# AnalyticBridge

A Data Science Central Community

Some of my old articles published in 2001, but still worth reading. Lots of good data science advice in it.

Pitfalls in Optimizing Statistical Trading Strategies. Part I: Over-Parametrization.

One of the common mistakes in optimizing statistical trading strategies consists of over-parametrizing the problem and then computing a global optimum. It is well know that this technique provides extremely high return on historical data but does not work in practice. We shall investigate this problem, and see how it can be side-stepped. We will explain how to build a very efficient 6-parameter strategy.

This issue is actually relevant to many real life statistical and mathematical situations. The problem itself can be referred to as over-parametrization or over-fitting. The explication as to why this approach fails can be illustrated by a simple example. Let's imagine you fit data with a 30-parameter model. If you have 30 data points (that is, the number of parameters is equal to the number of observations), then you can have a perfect, fully optimized fit with your data set. However, any future data point (e.g. tomorrow stock prices) might have a very bad fit with the model, resulting in huge losses. Why? We have the same number of parameters as data points. Thus, on average each estimated parameter of the model is worth no more than one data point.

From a statistical viewpoint, you are in the same situation as if you were estimating the median US salary, interviewing only one person. Chances are your estimation will be very poor, even though the fit with your one-person sample is perfect. In fact, you run a 50% chance that the salary of the interviewee will be either very low or very high.
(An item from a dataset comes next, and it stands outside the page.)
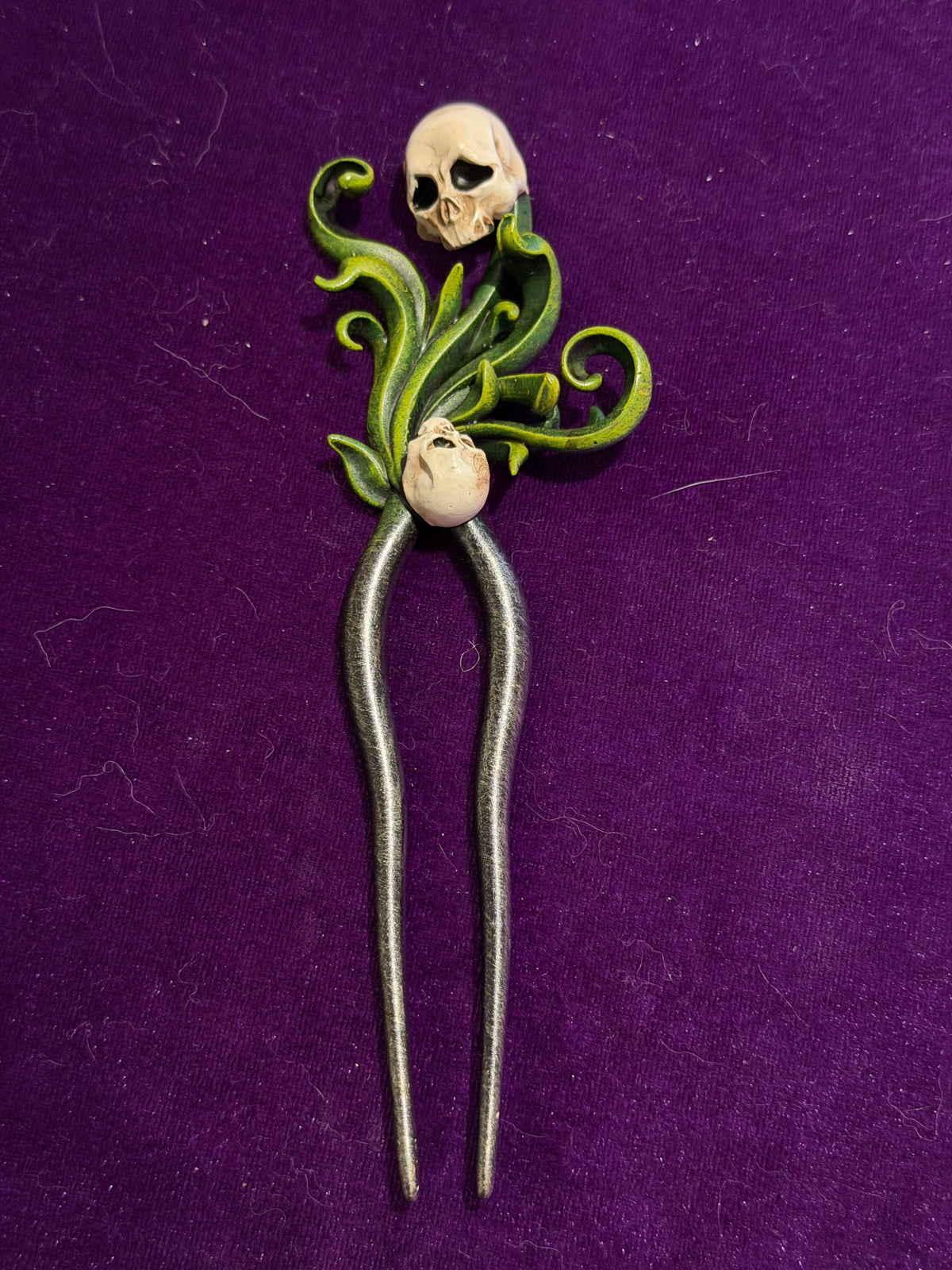 Gothic Skull & Vines Hair Fork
Roughly speaking, this is what happens when over-parametricizing a model. You obviously gain by reducing the number of parameters. However, if handled correctly, the drawback can actually be turned into an advantage. You can actually build a model with many parameters that is more robust and more efficient (in terms of return rate) than a simplistic model with fewer parameters. How is it possible? The answer to the question is in the way you test the strategy. When you use a model with more than three parameters, the strategy that provides the highest return on historical data will not be the best. You need to use more sophisticated optimization criteria.

One solution is to add boundaries to the problem thus performing constrained optimization. Look for strategies that meet one fundamental constraint: reliability. That is, you want to eliminate all strategies that are too sensitive to small variations. Thus, you focus on that tiny part of the parameter space that shows robustness against all kinds of noise. Noise, in this case, can be trading errors, spread, small variations in the historical stock prices or in the parameter set.
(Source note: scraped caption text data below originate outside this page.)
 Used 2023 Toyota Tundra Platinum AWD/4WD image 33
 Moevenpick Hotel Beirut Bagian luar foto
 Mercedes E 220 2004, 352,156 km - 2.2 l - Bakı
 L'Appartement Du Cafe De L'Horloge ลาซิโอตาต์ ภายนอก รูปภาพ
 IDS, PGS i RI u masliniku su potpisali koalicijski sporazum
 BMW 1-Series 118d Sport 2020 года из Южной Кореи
From a practical viewpoint, the solution consists in trying million of strategies that work well under many different market conditions. Usually, it requires several months' worth of data to have various market patterns and some statistical significance. Then for each of these strategies, you must introduce noise in millions of different ways and look at the impact. You then discard all strategies that can be badly impacted by noise and retain the tiny fraction that are robust.

The computational problem is complex, since it is in fact equivalent to testing millions of millions of strategies. But it is worth the effort. The end result is a reliable strategy that can be adjusted over time by slightly varying the parameters. Data Shaping's strategies are actually designed this way. They are associated with 6 parameters:

• Four parameters are used to track how the stock is moving (up, neutral, or down)
• One parameter is used to set the buy price
• One parameter is used to set the sell price

The details will appear in the Professional issue of the newsletter.
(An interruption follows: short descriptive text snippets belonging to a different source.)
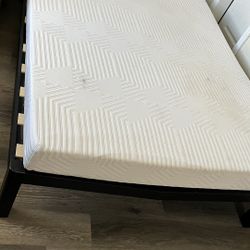Queen Size Mattress Memory Foam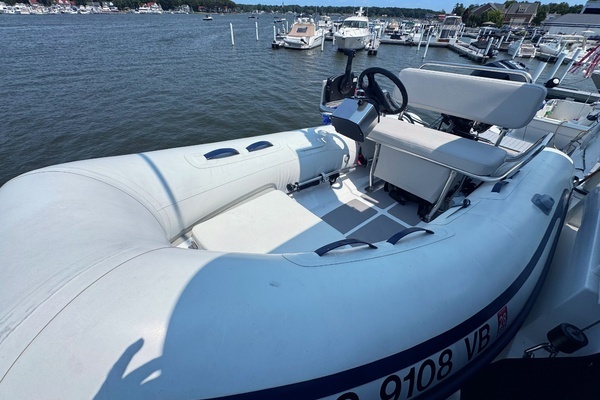 1999 Carver 45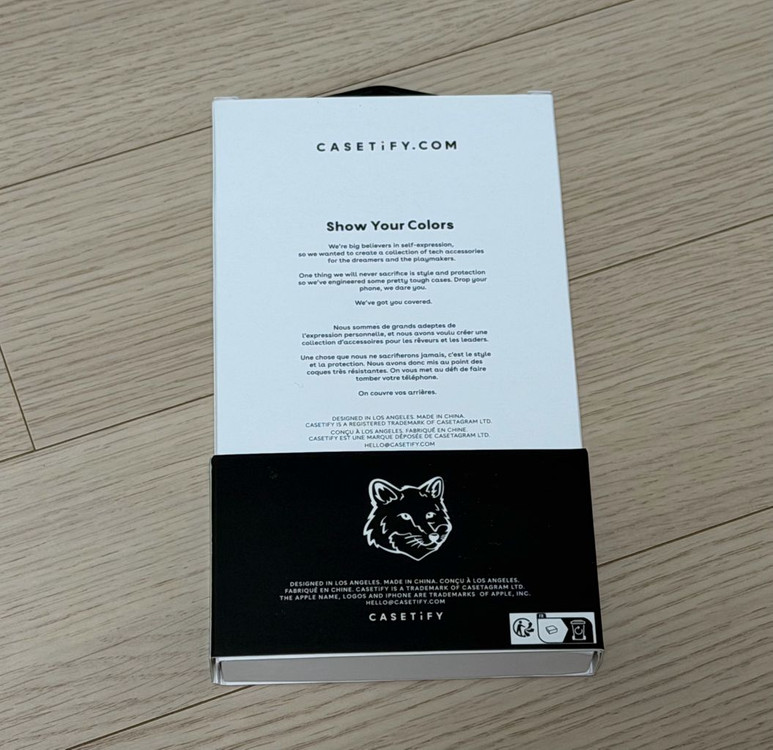 아이폰17프로맥스 케이스티파이 메종키츠네 이미지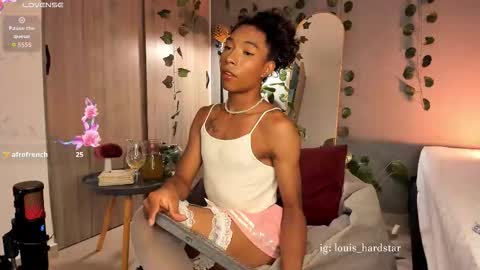 Snapshot of louis_hardstar chatting on 09/11/25, 02:22 Louis Valdz online show from 09/11/25, 02:22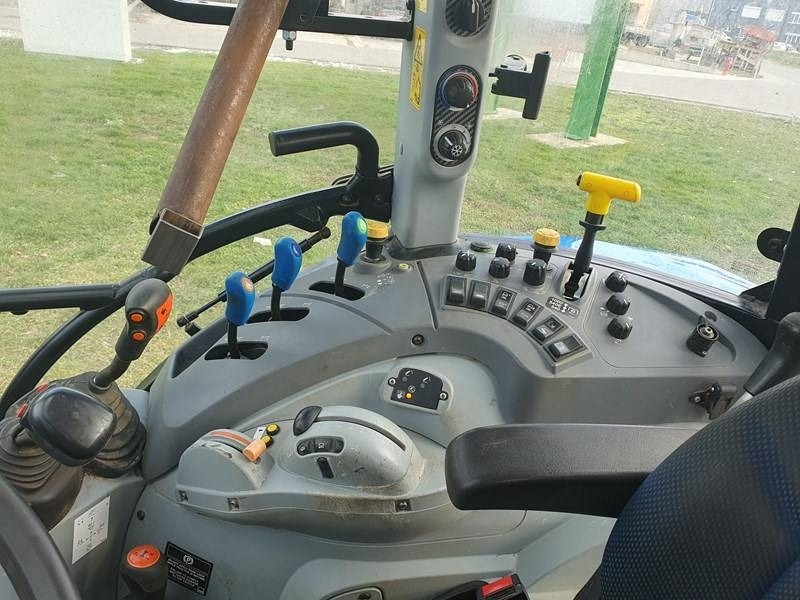 New Holland T 5.115 - Trator: foto 5 New Holland T 5.115 - Trator: foto 5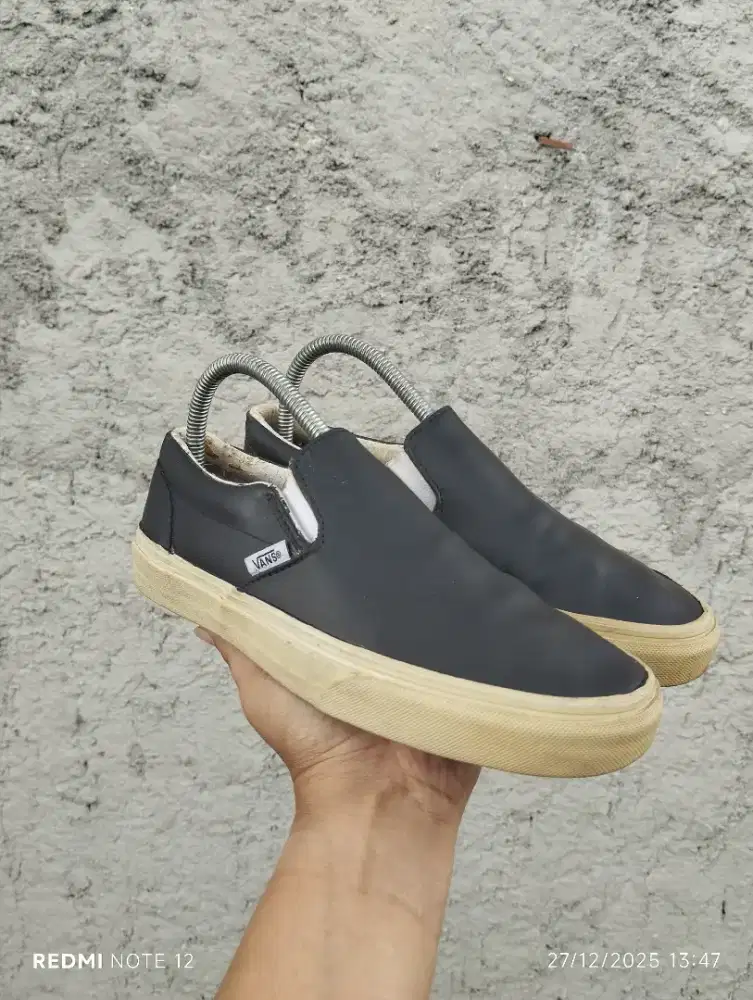 SEPATU VANS SLIP ON SECOND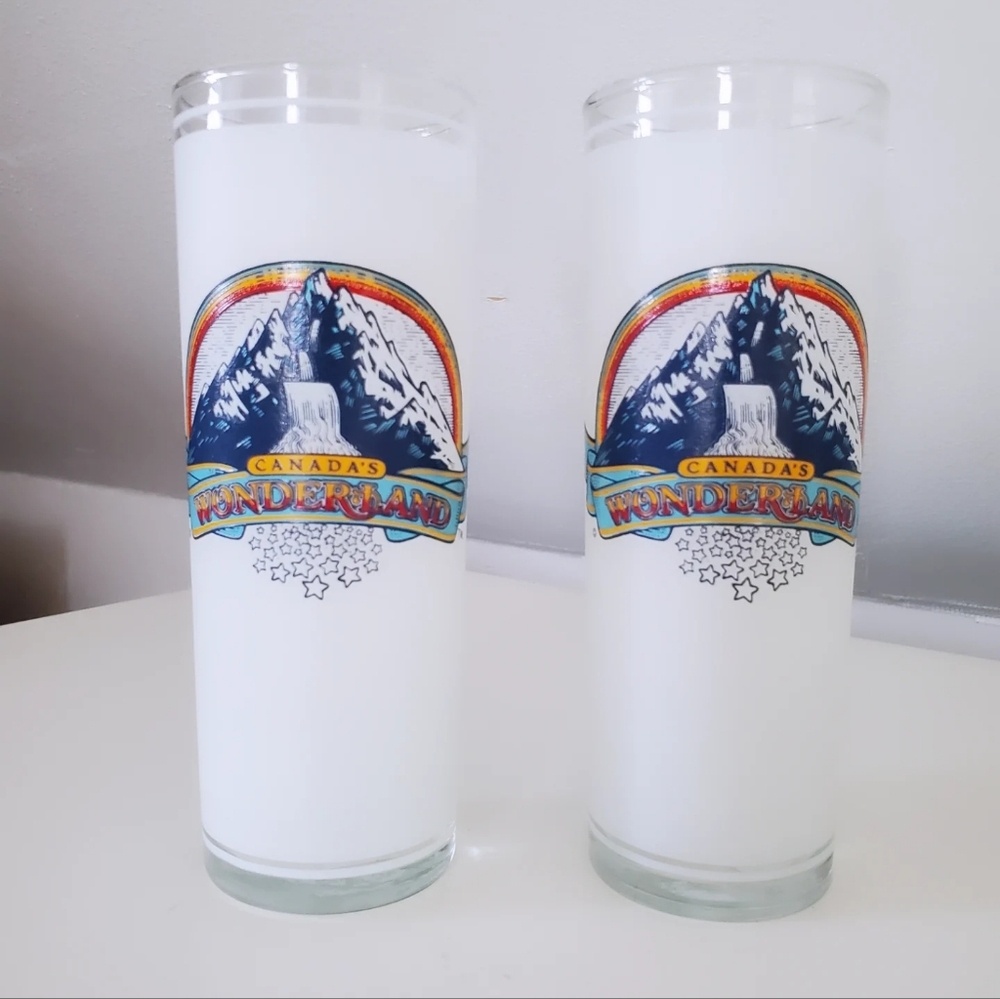 80s retro Canada's Wonderland Souvenir Glasses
It would have been possible to reduce the dimensionality of the problem by imposing symmetry in the parameters (e.g. parameters being identical for buy and sell price). Instead, our approach combines the advantage of low dimensionality (reliability) with returns appreciably higher than you would normally expect when being conservative.

A final note of advice. When you backtest a trading system, optimize the strategy using historical data that are more than one month old. Then check if the real-life return obtained during the last month (outside the historical data time-window ) is satisfactory. If your system passes this test, then optimize the strategy using the most recent data, and use it. Otherwise, do not use your trading system in real life. More on backtesting in the next issue.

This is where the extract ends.